-- Input records follows --

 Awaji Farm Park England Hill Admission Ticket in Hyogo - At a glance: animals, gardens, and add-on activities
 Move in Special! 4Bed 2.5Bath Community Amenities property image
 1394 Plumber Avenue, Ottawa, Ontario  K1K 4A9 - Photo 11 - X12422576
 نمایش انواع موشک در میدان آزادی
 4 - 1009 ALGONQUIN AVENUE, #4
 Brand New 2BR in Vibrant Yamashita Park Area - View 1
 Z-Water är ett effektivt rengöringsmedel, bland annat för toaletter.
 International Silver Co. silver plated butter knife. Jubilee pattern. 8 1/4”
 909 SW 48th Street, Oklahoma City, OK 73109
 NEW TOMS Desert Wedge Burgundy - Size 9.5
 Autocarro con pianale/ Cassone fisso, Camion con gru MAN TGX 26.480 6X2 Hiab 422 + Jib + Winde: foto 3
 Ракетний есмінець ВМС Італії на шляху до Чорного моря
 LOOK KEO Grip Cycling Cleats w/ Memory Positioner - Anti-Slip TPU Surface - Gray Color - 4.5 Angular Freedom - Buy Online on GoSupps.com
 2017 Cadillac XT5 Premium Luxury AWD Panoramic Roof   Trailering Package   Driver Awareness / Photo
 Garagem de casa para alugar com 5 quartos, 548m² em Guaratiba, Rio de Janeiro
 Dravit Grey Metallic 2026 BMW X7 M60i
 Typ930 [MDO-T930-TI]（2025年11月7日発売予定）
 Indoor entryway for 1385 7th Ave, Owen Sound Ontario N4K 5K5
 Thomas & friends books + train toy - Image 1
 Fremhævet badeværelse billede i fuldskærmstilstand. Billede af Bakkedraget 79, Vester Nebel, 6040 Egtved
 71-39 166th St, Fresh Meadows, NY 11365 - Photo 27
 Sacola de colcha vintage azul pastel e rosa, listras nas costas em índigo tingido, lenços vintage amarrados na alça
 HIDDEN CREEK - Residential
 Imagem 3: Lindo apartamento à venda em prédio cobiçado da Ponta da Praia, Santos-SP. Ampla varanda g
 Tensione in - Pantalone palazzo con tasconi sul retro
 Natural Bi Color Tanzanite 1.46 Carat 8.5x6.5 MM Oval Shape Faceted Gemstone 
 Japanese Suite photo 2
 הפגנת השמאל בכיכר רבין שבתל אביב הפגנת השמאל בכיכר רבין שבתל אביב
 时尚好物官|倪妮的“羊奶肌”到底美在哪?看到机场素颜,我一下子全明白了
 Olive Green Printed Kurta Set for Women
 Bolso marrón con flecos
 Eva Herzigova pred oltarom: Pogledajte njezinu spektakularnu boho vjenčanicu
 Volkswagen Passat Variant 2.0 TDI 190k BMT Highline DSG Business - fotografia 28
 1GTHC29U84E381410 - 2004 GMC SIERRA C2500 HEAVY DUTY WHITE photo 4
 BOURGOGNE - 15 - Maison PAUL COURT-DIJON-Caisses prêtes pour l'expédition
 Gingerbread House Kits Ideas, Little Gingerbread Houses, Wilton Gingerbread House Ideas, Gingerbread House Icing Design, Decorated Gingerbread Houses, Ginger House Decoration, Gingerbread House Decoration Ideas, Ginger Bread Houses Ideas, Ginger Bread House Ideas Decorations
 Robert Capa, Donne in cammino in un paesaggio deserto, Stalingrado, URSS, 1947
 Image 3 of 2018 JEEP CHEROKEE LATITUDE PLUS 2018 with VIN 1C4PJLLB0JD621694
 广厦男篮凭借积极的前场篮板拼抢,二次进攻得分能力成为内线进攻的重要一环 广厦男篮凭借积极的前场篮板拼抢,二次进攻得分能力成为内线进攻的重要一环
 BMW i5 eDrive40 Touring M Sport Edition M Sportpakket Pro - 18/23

-- Input records concluded --

Task. Copy each line, exactly, that falls between the line containing "Garagem de casa" and the end of the entries, both included.

Exercise response.
 Garagem de casa para alugar com 5 quartos, 548m² em Guaratiba, Rio de Janeiro
 Dravit Grey Metallic 2026 BMW X7 M60i
 Typ930 [MDO-T930-TI]（2025年11月7日発売予定）
 Indoor entryway for 1385 7th Ave, Owen Sound Ontario N4K 5K5
 Thomas & friends books + train toy - Image 1
 Fremhævet badeværelse billede i fuldskærmstilstand. Billede af Bakkedraget 79, Vester Nebel, 6040 Egtved
 71-39 166th St, Fresh Meadows, NY 11365 - Photo 27
 Sacola de colcha vintage azul pastel e rosa, listras nas costas em índigo tingido, lenços vintage amarrados na alça
 HIDDEN CREEK - Residential
 Imagem 3: Lindo apartamento à venda em prédio cobiçado da Ponta da Praia, Santos-SP. Ampla varanda g
 Tensione in - Pantalone palazzo con tasconi sul retro
 Natural Bi Color Tanzanite 1.46 Carat 8.5x6.5 MM Oval Shape Faceted Gemstone 
 Japanese Suite photo 2
 הפגנת השמאל בכיכר רבין שבתל אביב הפגנת השמאל בכיכר רבין שבתל אביב
 时尚好物官|倪妮的“羊奶肌”到底美在哪?看到机场素颜,我一下子全明白了
 Olive Green Printed Kurta Set for Women
 Bolso marrón con flecos
 Eva Herzigova pred oltarom: Pogledajte njezinu spektakularnu boho vjenčanicu
 Volkswagen Passat Variant 2.0 TDI 190k BMT Highline DSG Business - fotografia 28
 1GTHC29U84E381410 - 2004 GMC SIERRA C2500 HEAVY DUTY WHITE photo 4
 BOURGOGNE - 15 - Maison PAUL COURT-DIJON-Caisses prêtes pour l'expédition
 Gingerbread House Kits Ideas, Little Gingerbread Houses, Wilton Gingerbread House Ideas, Gingerbread House Icing Design, Decorated Gingerbread Houses, Ginger House Decoration, Gingerbread House Decoration Ideas, Ginger Bread Houses Ideas, Ginger Bread House Ideas Decorations
 Robert Capa, Donne in cammino in un paesaggio deserto, Stalingrado, URSS, 1947
 Image 3 of 2018 JEEP CHEROKEE LATITUDE PLUS 2018 with VIN 1C4PJLLB0JD621694
 广厦男篮凭借积极的前场篮板拼抢,二次进攻得分能力成为内线进攻的重要一环 广厦男篮凭借积极的前场篮板拼抢,二次进攻得分能力成为内线进攻的重要一环
 BMW i5 eDrive40 Touring M Sport Edition M Sportpakket Pro - 18/23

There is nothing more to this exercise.